In contrast, the computer algorithm in the UC Berkeley study can "learn" and adapt to different typing patterns. To show this, the researchers experimented with multiple users on different keyboards, including so-called "quiet" keyboards, and found that their algorithm was successfully able to predict data. Moreover, recordings were taken in a variety of conditions, such as environments in which music was playing or cell phones were ringing in the background.
"Background noise definitely made it harder to recover accurate text, but the differences became smaller after several rounds of feedback," said Tygar. "Given enough tries, the computer algorithm will eventually come up with a pretty good estimate of the text that was typed."
The researchers noted that sophisticated Karaoke systems already exist that can separate voice and music, so it may be possible to separate out music from the taps and clicks on a keyboard.

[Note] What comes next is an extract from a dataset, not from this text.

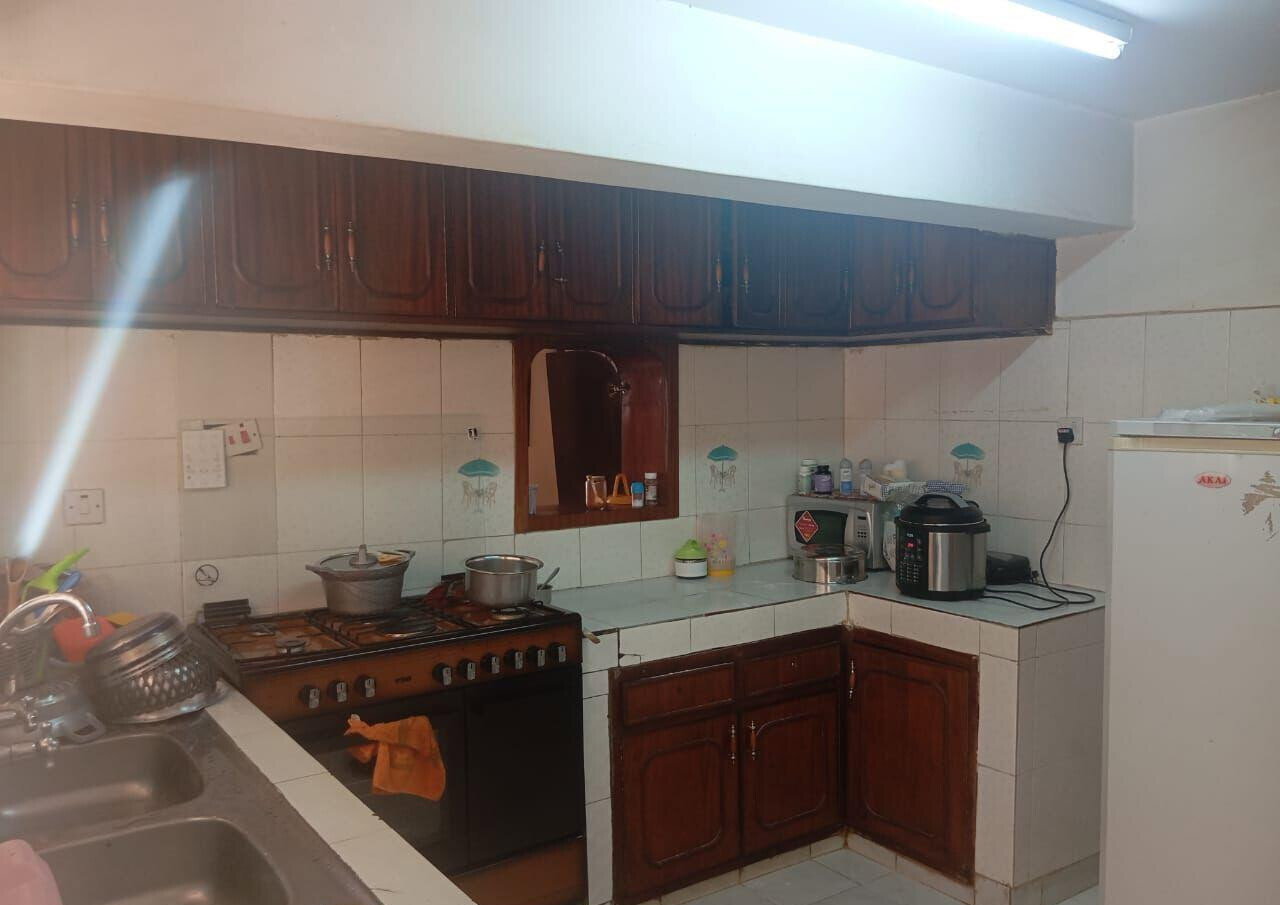 5-Bed Townhouse with DSQ & Double Garage - Kahawa Sukari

What was particularly striking about this study, the researchers said, was the ease with which the text could be recovered using off-the-shelf equipment. "We didn't need high-quality audio to accomplish this," said Feng Zhou, a UC Berkeley Ph.D. student in computer science and co-author of the study. "We just used a $10 microphone that can be easily purchased in almost any computer supply store."

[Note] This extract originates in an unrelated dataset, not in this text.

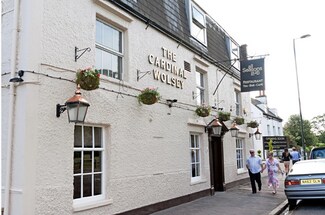 Plus de détails pour Hampton Court Rd, East Molesey - Commerce de détail à vendre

Tygar warned that parabolic microphones allow people to record sounds in a room while standing outside the building, and presumably without the knowledge of the typist.
"The message from this study is that there is no easy escape from this acoustic snooping," said Tygar. "The type of keyboard you use doesn't matter, your typing proficiency doesn't matter, and the background noise can be overcome."
So what's a typist to do? Other than scanning one's surroundings for bugs or recording devices, and making sure a room is soundproof, the researchers suggest that we rethink the use of typed passwords or even long passphrases for security.
"There are different forms of authentication that could be used, including smart cards, one-time password tokens or biometrics," said Tygar. "That helps with passwords, but it doesn't help protect text documents we would want to keep classified. I'm not sure what the solution is, but it's important that we're aware of this vulnerability."
The project is part of the UC Berkeley-led Team for Research in Ubiquitous Secure Technology (TRUST), a multi-institution center funded by the National Science Foundation to protect the nation's computer infrastructure from cyberattacks.